Man who actually read “Game of Thrones” cruel leader of watch party

Just like the mythical rulers in his favorite series of books, local student/George R.R. Martin reader Steve Halburt rules his “Game of Thrones” watch parties with an iron fist. The only member of the Sunday night get together to have read the source material, Halburt has taken a vow to guide his friends, but strike without mercy if necessary.

Since “Luke with his parent’s HBO Go account” first began the weekly watch parties 3 years ago, Halburt has functioned as a constant guide to the inner workings of Westboros. Thanks to his encyclopedic knowledge of “Game of Thrones” supplemental material Halburt prides himself in giving his subjects a greater knowledge of the series that they mainly watch for the nude scenes.

Ever the good king, Halburt has only been forced to show his true might once.

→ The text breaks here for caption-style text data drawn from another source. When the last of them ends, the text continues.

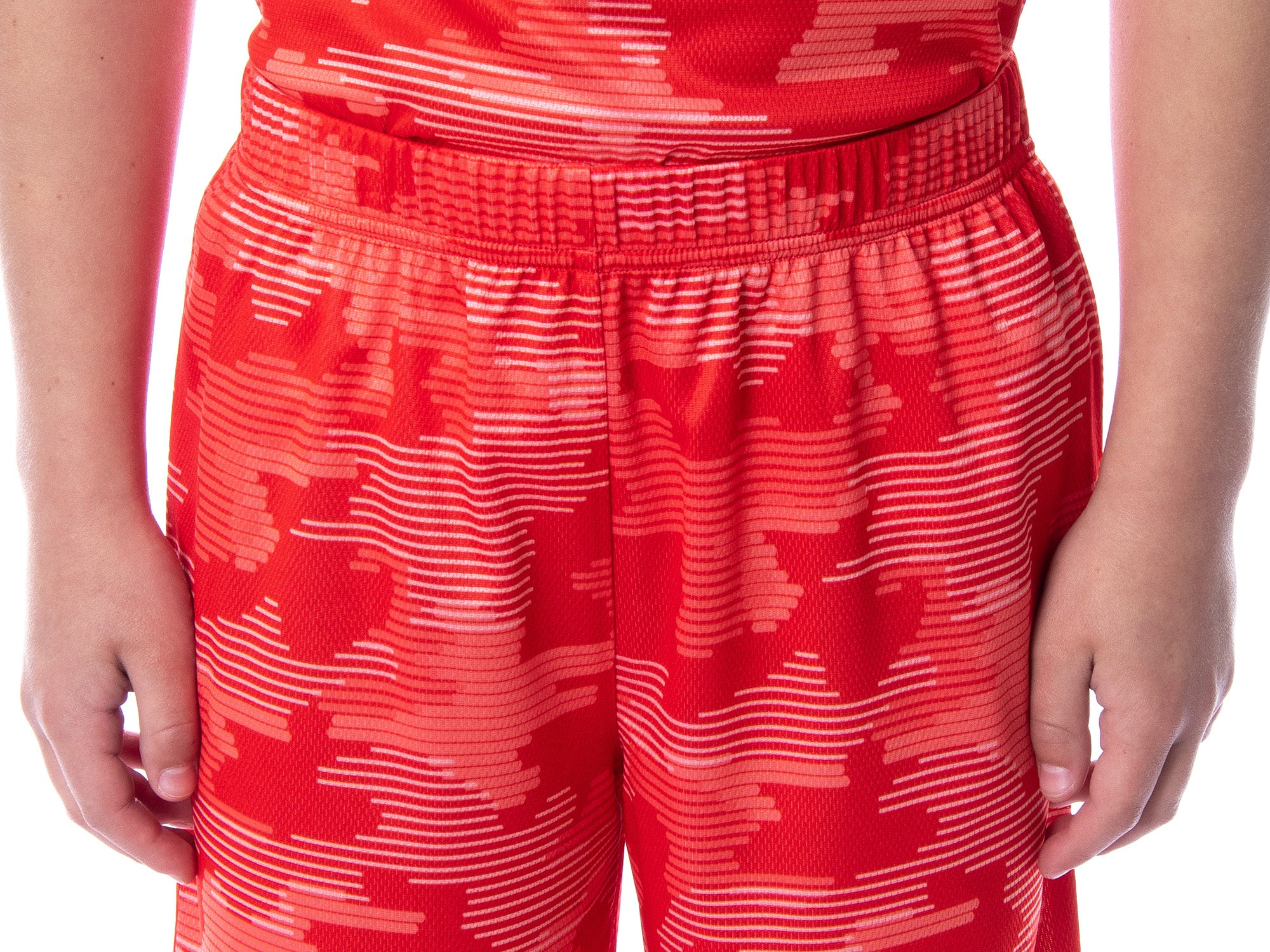 DC Comics Boys' Justice League Digital Camo The Flash 2 Piece Pajama Set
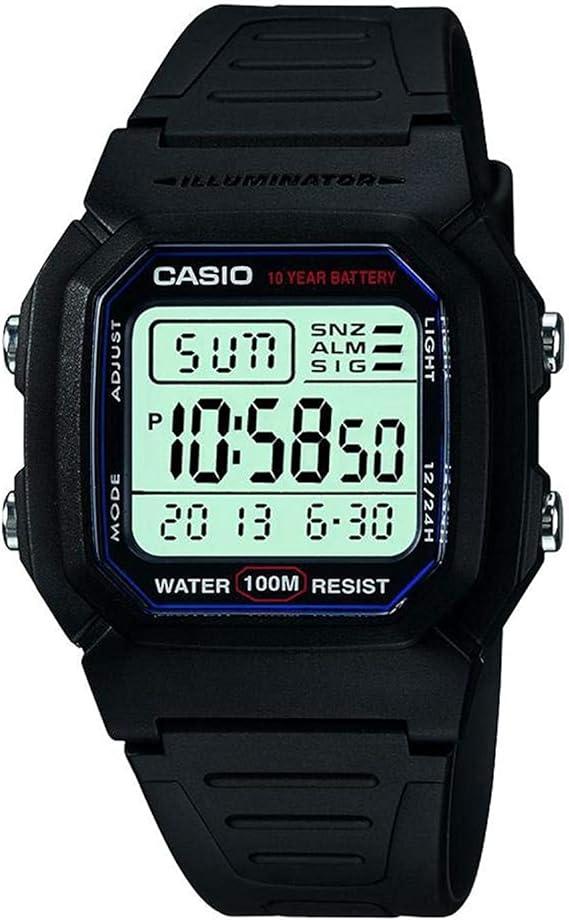 Годинник Casio W800H-1AV Classic Sport Watch. Оригінал.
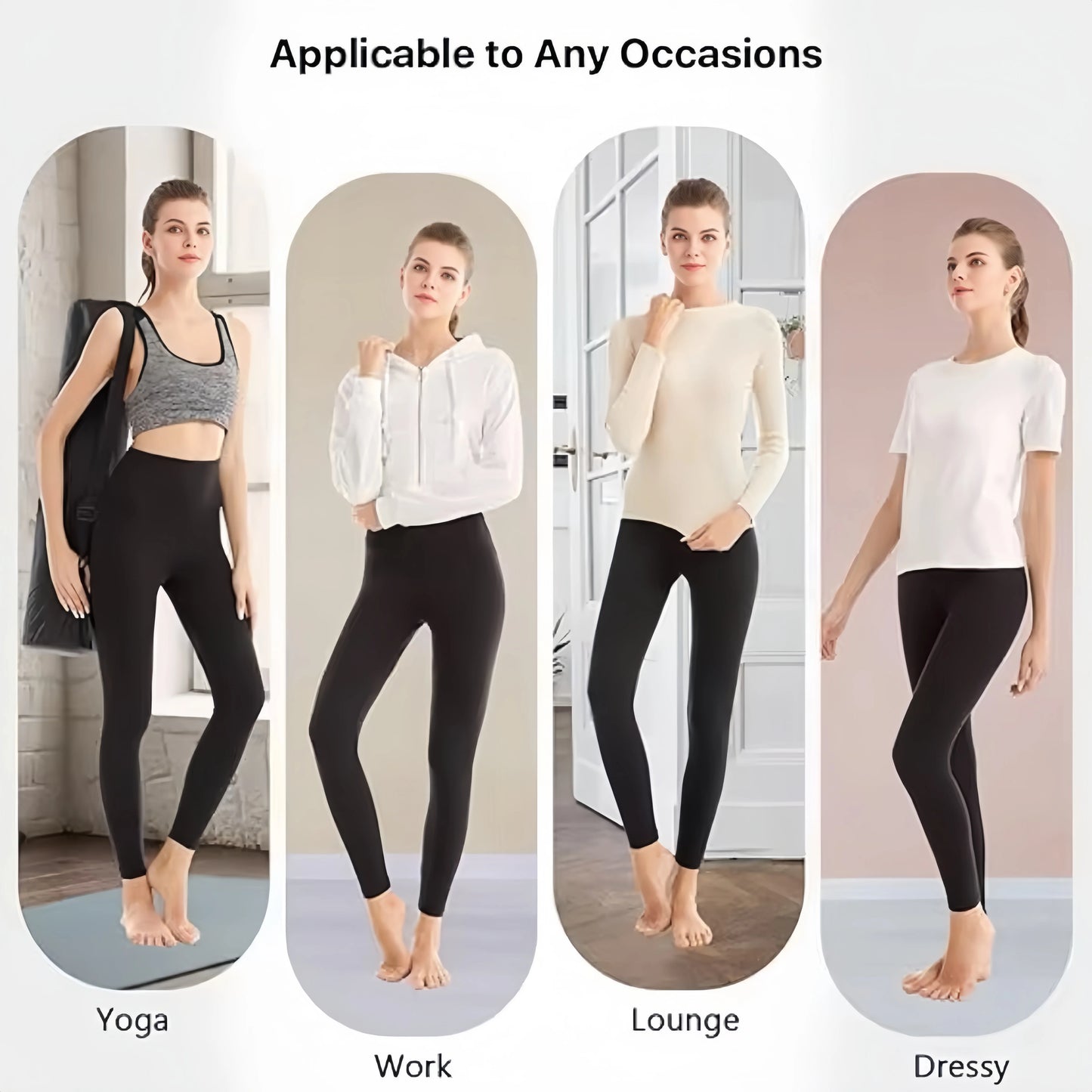 Seamless Scrunch Bum Yoga Leggings for Women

The uprising in question, a mid-season two watch party where Kyle made the mistake of running to get more salsa before Steve finished explaining the Baratheon house sigil, ended with Kyle being handed a list of prominent character deaths for the next 2 seasons. There have been no further rebellions.

When asked about the incident, Kyle praised his leader.

“Yeah, he’s..he’s great. That thing with the salsa was a little weird but I mean, he HAS read the book, he IS better than us. I just wish he’d stop saying ‘You know nothing’ whenever I ask my other friends what they think will happen next season. But yeah, he’s alright for a self-imposed tyrant.”

The borders of Halburt’s realm extend beyond the wall of the Luke’s dorm room and into any coffee shop or airport where someone has the privilege to be reading or watching the series in his presence.

Halburt’s reign could possibly end in a fevered political debate not unlike the one’s that he keeps insisting were “soooo much more dramatic in the original book.” Luke and the other proletariat concluded that Halburt had never once brought chips and he would be left out of the group text invite for Season 4.